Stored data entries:
▼

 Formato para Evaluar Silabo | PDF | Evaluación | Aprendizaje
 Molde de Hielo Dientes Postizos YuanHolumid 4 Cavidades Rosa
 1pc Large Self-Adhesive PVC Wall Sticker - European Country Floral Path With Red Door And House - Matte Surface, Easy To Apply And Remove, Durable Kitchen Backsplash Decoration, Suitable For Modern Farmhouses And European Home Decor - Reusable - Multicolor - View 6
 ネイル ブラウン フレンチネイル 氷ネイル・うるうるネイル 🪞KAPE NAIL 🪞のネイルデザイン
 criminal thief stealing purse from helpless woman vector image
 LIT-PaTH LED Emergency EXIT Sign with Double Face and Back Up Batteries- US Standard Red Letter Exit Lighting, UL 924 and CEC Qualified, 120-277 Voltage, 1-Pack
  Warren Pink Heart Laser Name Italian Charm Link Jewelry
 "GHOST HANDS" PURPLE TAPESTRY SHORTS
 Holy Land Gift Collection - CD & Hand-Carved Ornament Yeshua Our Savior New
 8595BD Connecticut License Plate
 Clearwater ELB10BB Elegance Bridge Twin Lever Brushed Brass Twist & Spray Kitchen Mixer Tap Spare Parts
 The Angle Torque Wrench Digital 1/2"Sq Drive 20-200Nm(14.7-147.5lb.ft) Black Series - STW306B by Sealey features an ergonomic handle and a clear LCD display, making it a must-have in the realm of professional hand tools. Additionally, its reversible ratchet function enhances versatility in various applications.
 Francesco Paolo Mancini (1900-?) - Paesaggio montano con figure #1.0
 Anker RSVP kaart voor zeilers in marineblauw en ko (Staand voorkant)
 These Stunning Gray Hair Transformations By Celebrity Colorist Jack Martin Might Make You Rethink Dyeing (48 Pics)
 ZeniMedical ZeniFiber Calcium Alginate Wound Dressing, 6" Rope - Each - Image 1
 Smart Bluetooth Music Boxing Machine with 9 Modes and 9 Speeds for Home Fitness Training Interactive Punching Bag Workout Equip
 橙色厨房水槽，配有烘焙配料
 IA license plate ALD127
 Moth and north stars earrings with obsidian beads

▲

Give the number of lines in the records above in which the word "Home" appears. Include no other text.

2